### WORK INSTRUCTIONS
Given the entries below, would you transcribe exactly the lines starting at the one with "LifeSource Vitamins All" and ending at the one with "Genesis Invisible Touch", both kept, pictures omitted, nothing extra?

### Crawled caption data
Start of Block

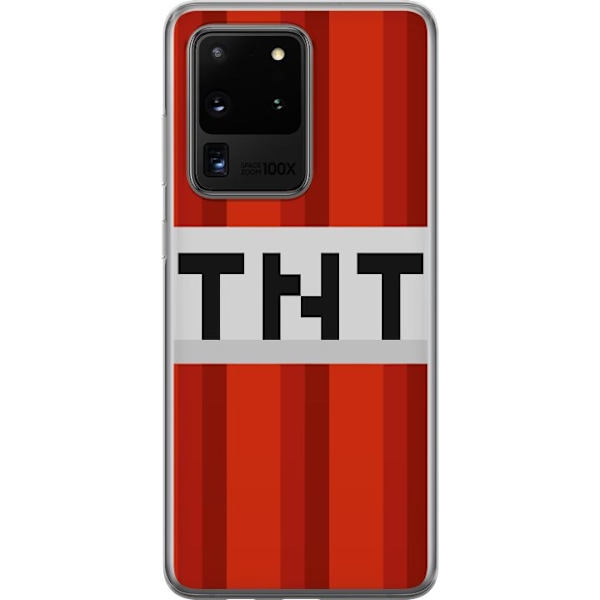 Samsung Galaxy S20 Ultra Genomskinligt Skal Minecraft TNT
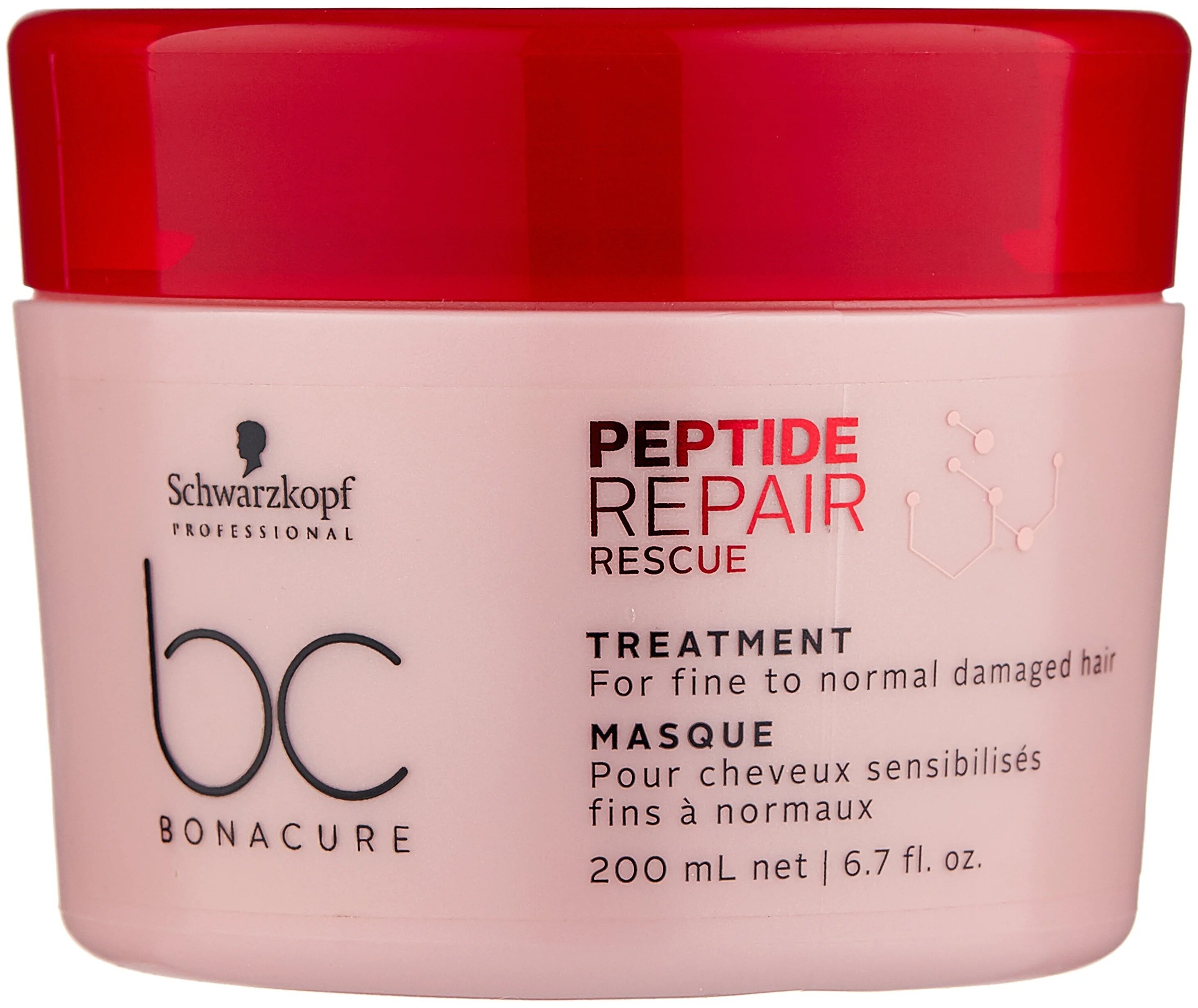 Маска для волос восстанавливающая Schwarzkopf Professional BonaCure Peptide Repair Rescue 200 мл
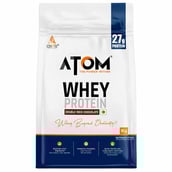 1 - AS-IT-IS Nutrition ATOM Whey Protein with Enzymes,  2.2 lb  Double Rich Chocolate 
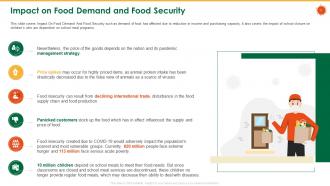 Coronavirus impact assessment and mitigation strategies in agriculture sector complete deck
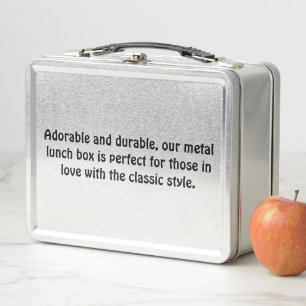 Fügen Sie Ihr eigenes Design hinzu 6” x 8” x 3” Ed Metall Brotdose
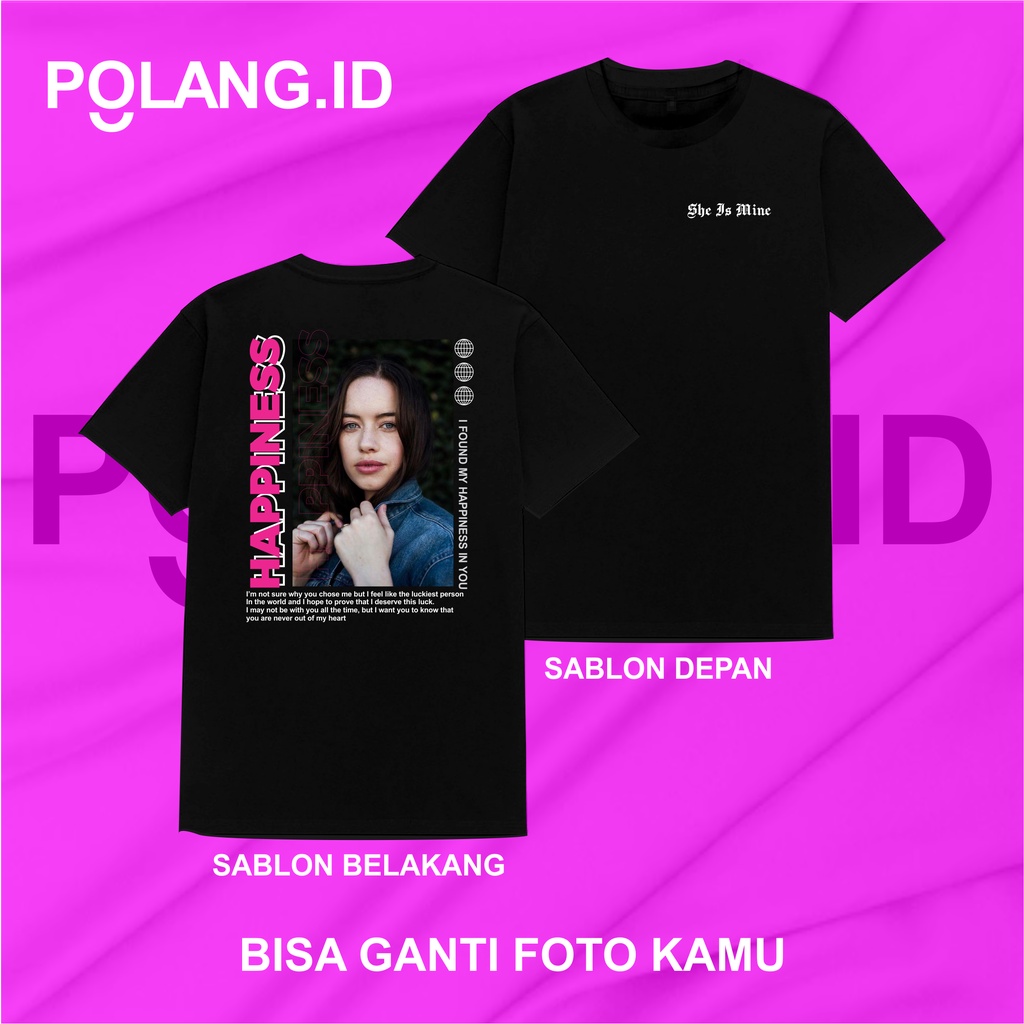 Jual Kaos Custom Bucin Couple Desain Estetik Viral Kekinian Baju Sablon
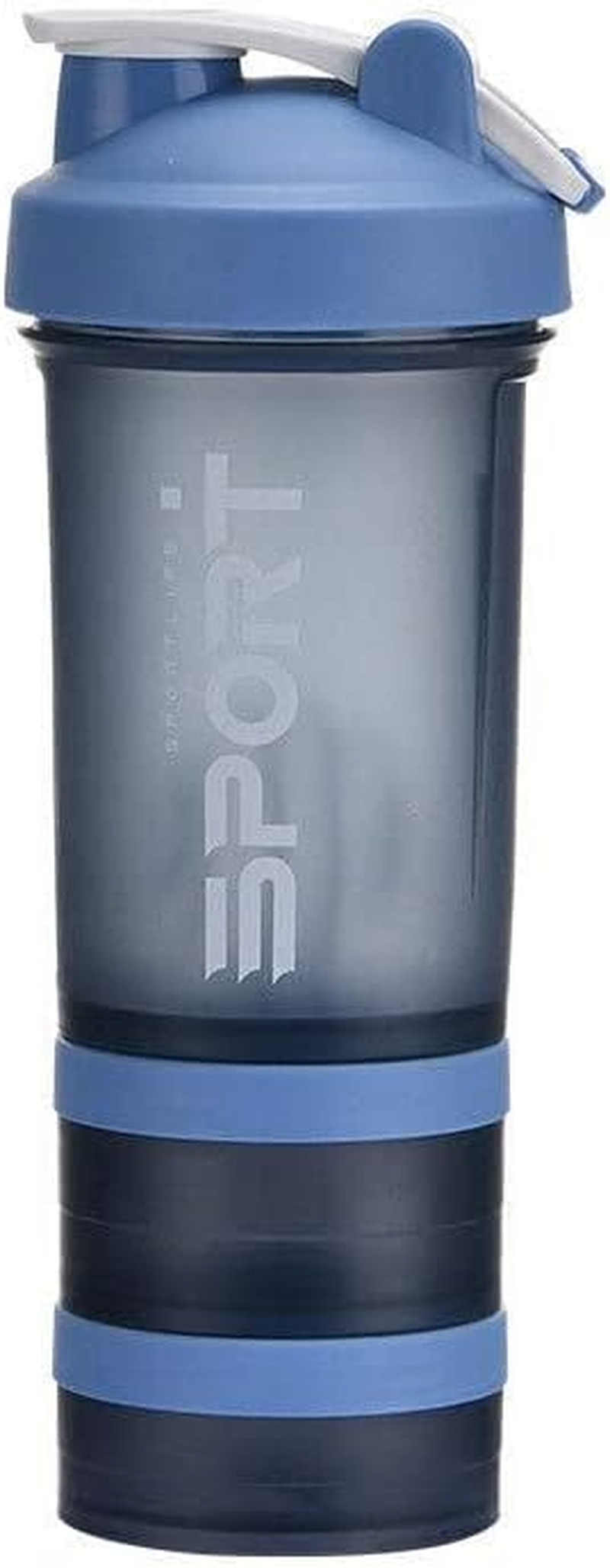 AIMALL 500Ml Multi-Compartment Powder Milkshake Drink Cup Sport Water Bottle 500Ml 3 Tier Protein Shaker Pill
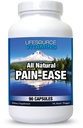 LifeSource Vitamins All Natural Pain Ease – 20 Synergistic Herbs and Enzymes that Naturally & Safely Support: Headaches & Migraines - 무릎 – 어깨 – 관절 – 다리 통증 – 긴장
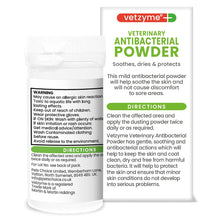 Load image into Gallery viewer, Vetzyme Antibacterial Powder for Dogs, Cats &amp; Small Animals
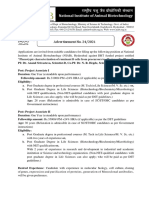 Advertisement No. 24/2021: Phenotypic Characterization of Ruminant B Cells From Precursors To Effector Cells: Phase I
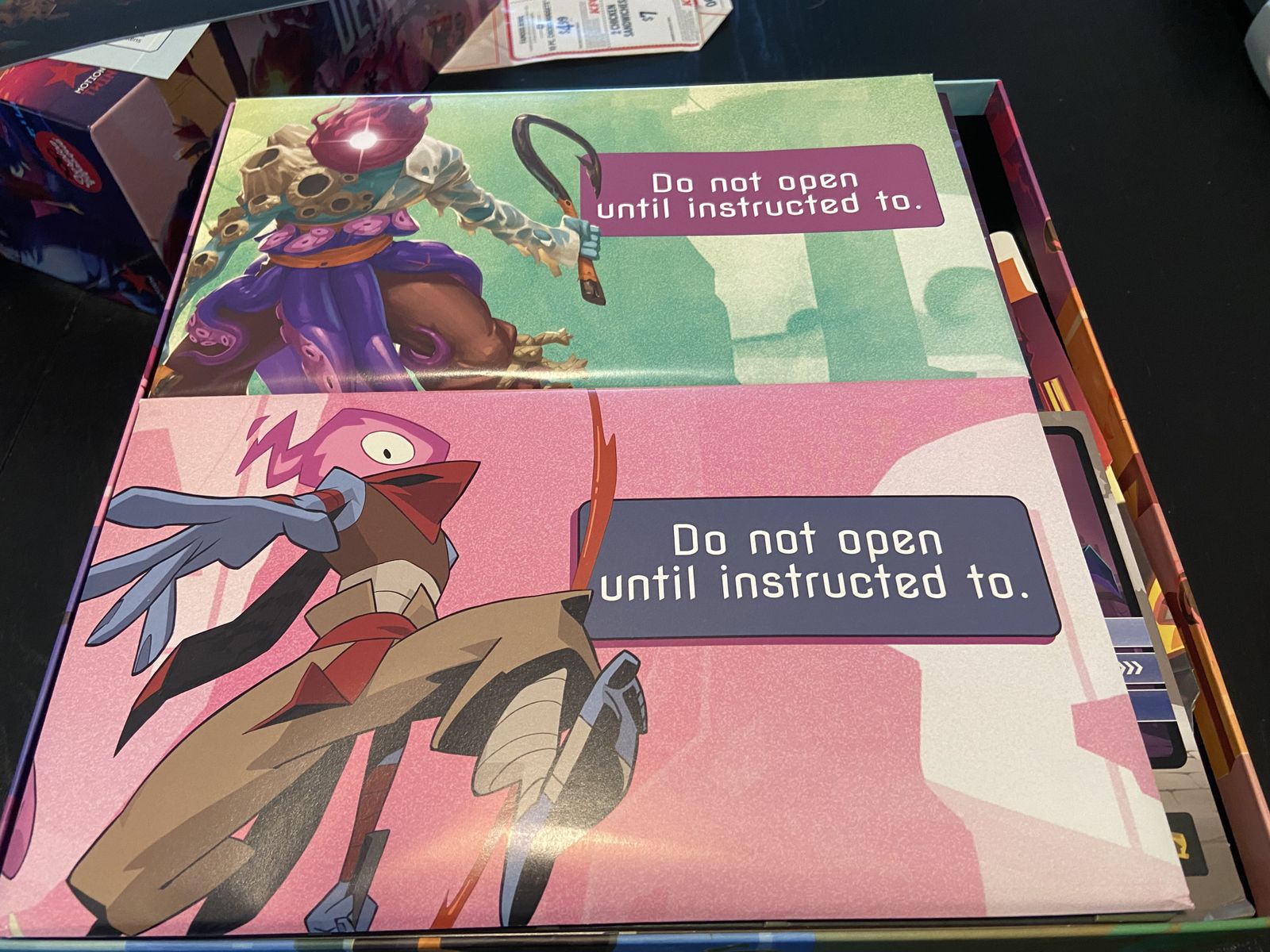 Dead Cells board game character boards and markers
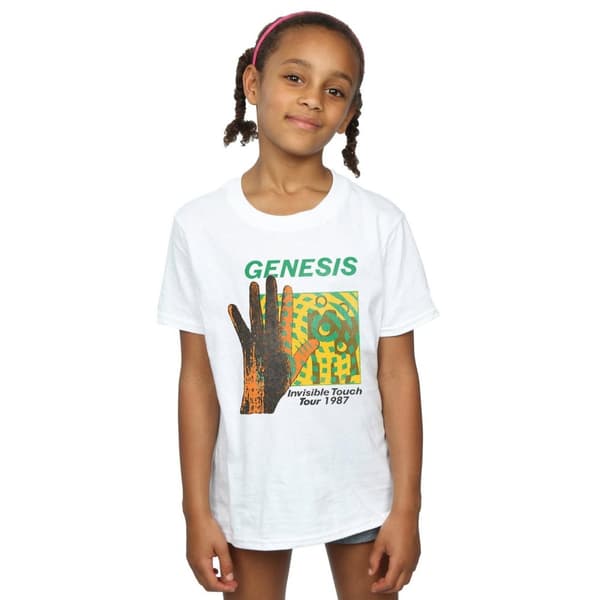 Genesis Invisible Touch Tour bomulls-T-shirt för flickor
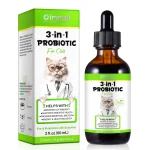 3 In 1 Probiotic for Cats Pre & Probiotics with Enzymes for Digestive/Gut Health
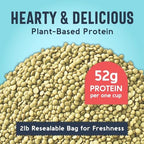 ONE IN A MILL Green Lentils 2LB Bulk Resealable Bag | For Soup, Stews, & Curries | All-Natural Plant-Based Protein | OU Kosher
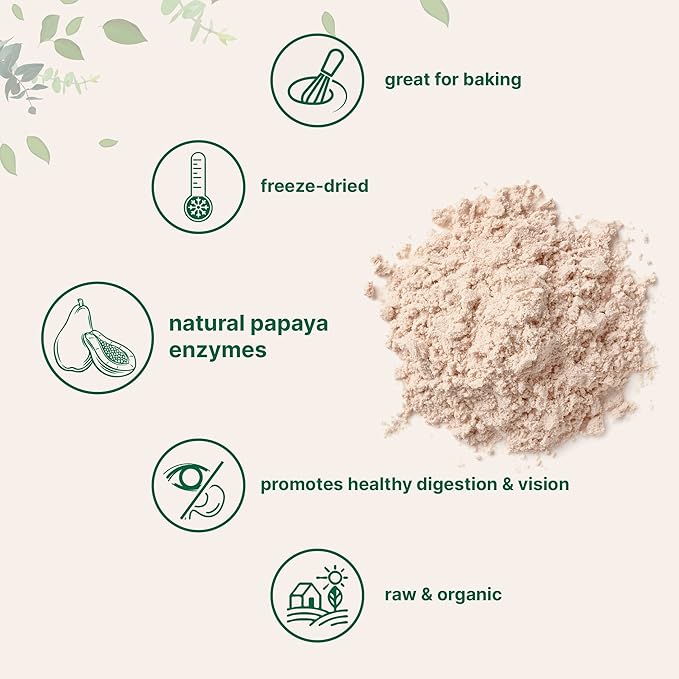 Micro Ingredients Organic Papaya Fruit Powder 8 Ounce Freeze Dried Naturally Rich in Papaya Enzyme No GMOs &amp Vegan Friendly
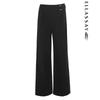 ELLASSAY Women's Winter High-Waist Straight-Leg Casual Trousers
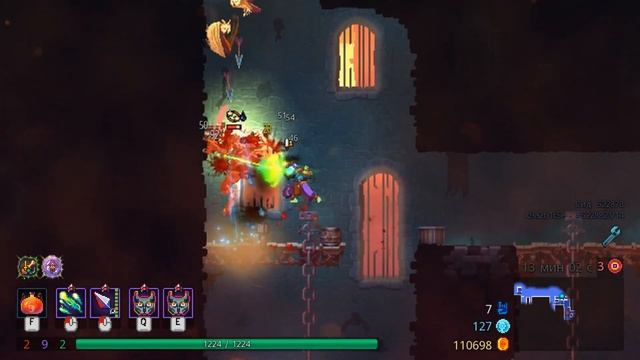 Самый стеклянный билд? / Волшебные ракеты + метательные ножи и филин / Dead Cells Fear the Rampager смотреть онлайн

End of Block

### RESULT OF THIS EXERCISE
 LifeSource Vitamins All Natural Pain Ease – 20 Synergistic Herbs and Enzymes that Naturally & Safely Support: Headaches & Migraines - 무릎 – 어깨 – 관절 – 다리 통증 – 긴장
 Load image into Gallery viewer, Vetzyme Antibacterial Powder for Dogs, Cats &amp; Small Animals
 Advertisement No. 24/2021: Phenotypic Characterization of Ruminant B Cells From Precursors To Effector Cells: Phase I
 Dead Cells board game character boards and markers
 Genesis Invisible Touch Tour bomulls-T-shirt för flickor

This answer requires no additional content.